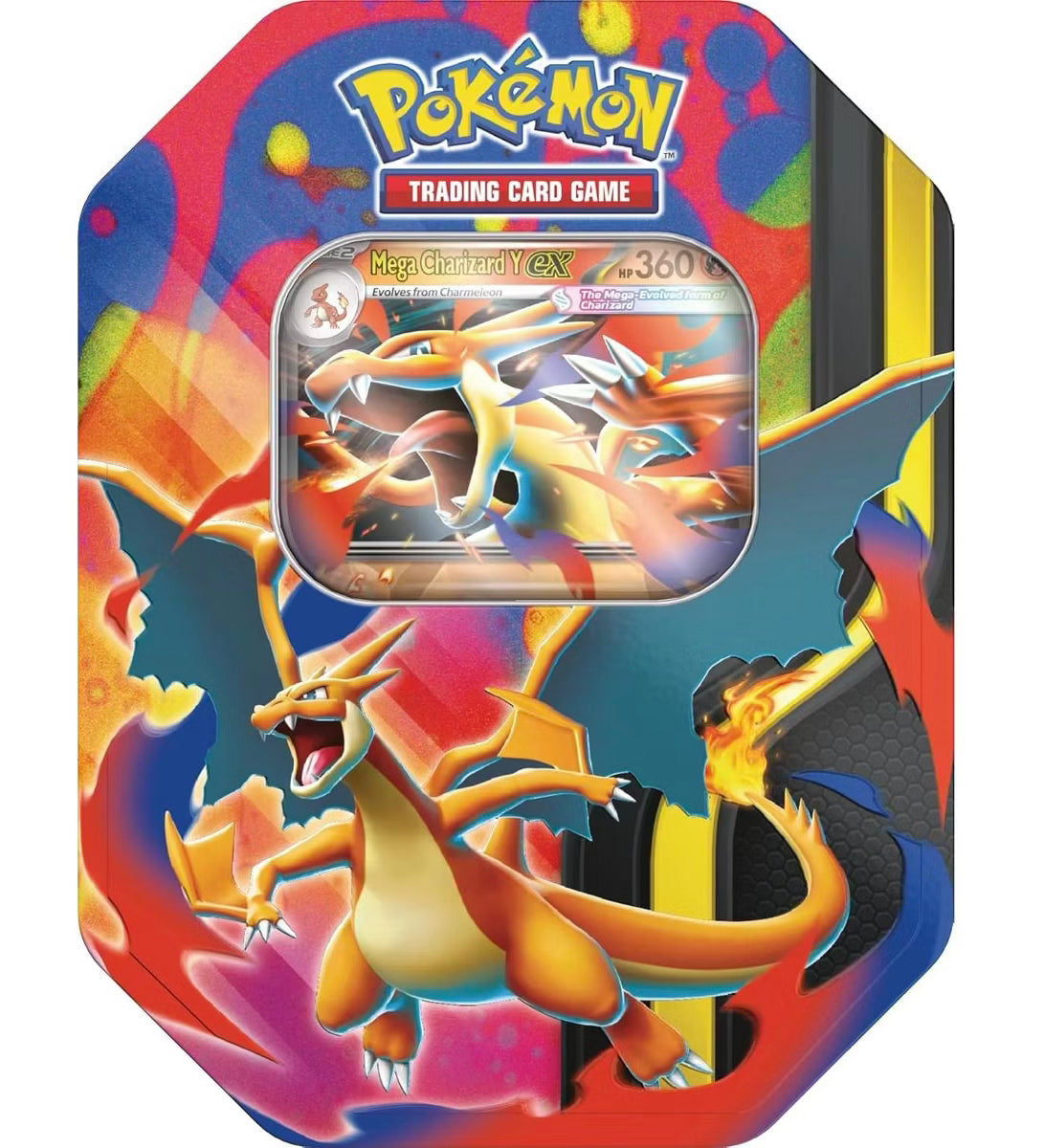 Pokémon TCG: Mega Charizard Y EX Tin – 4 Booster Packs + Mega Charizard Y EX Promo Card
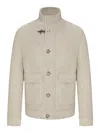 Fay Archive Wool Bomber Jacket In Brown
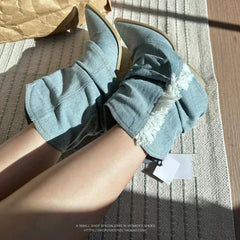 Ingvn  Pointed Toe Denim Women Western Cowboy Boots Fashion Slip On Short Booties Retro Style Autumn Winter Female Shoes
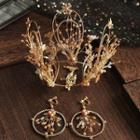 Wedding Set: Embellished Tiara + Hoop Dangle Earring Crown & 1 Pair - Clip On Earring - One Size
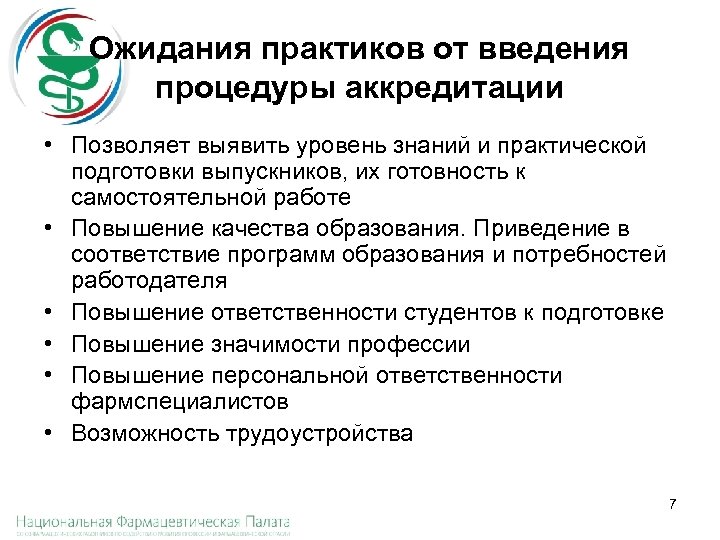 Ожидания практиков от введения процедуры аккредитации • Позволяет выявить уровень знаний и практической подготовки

---

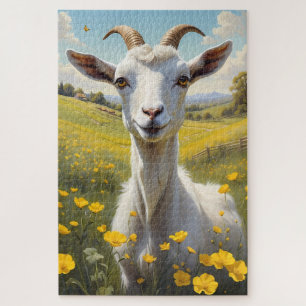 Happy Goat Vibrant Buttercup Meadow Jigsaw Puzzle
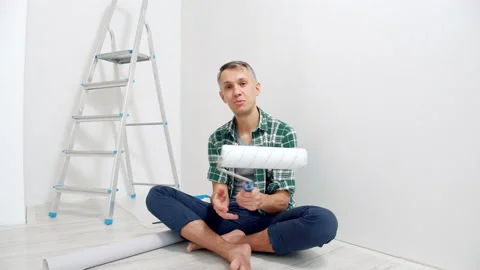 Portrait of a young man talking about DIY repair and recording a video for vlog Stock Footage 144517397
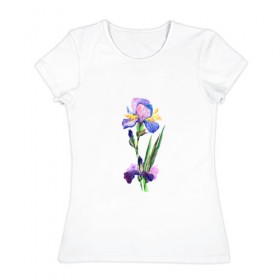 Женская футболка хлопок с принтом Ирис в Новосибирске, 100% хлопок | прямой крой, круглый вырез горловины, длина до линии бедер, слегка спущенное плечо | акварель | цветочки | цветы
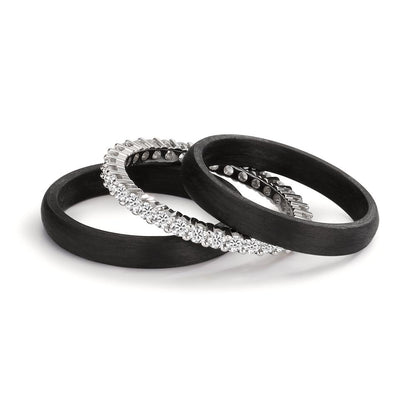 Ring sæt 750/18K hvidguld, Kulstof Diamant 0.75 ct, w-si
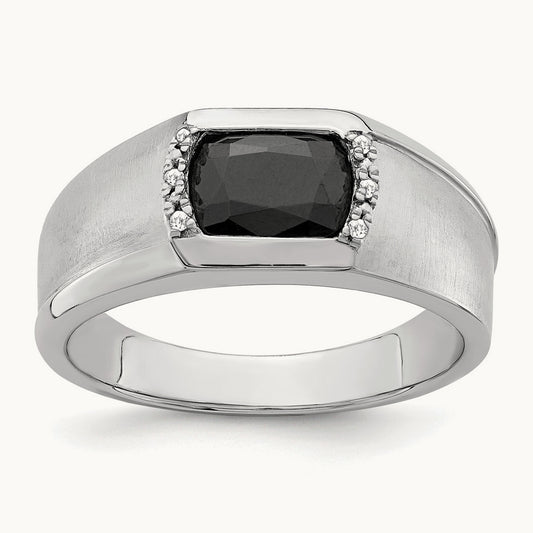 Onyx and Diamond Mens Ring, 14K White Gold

==

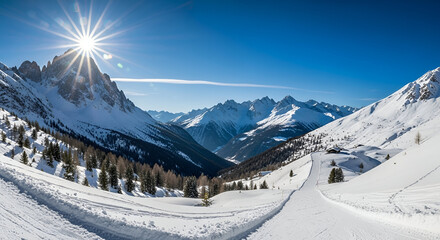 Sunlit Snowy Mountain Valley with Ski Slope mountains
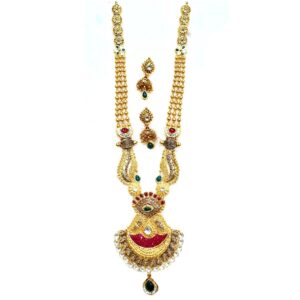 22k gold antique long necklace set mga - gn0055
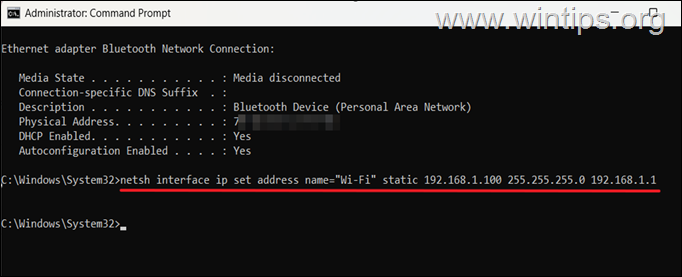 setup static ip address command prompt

▸ EXERCISE
Output exactly the lines above, beginning at the one with "Pokémon TCG: Mega" and stopping after the one with "Ожидания практиков от". Pictures are to be omitted.

▸ WRITTEN RESPONSE
 Pokémon TCG: Mega Charizard Y EX Tin – 4 Booster Packs + Mega Charizard Y EX Promo Card
 Fay Archive Wool Bomber Jacket In Brown
 Ingvn  Pointed Toe Denim Women Western Cowboy Boots Fashion Slip On Short Booties Retro Style Autumn Winter Female Shoes
 Wedding Set: Embellished Tiara + Hoop Dangle Earring Crown & 1 Pair - Clip On Earring - One Size
 Ожидания практиков от введения процедуры аккредитации • Позволяет выявить уровень знаний и практической подготовки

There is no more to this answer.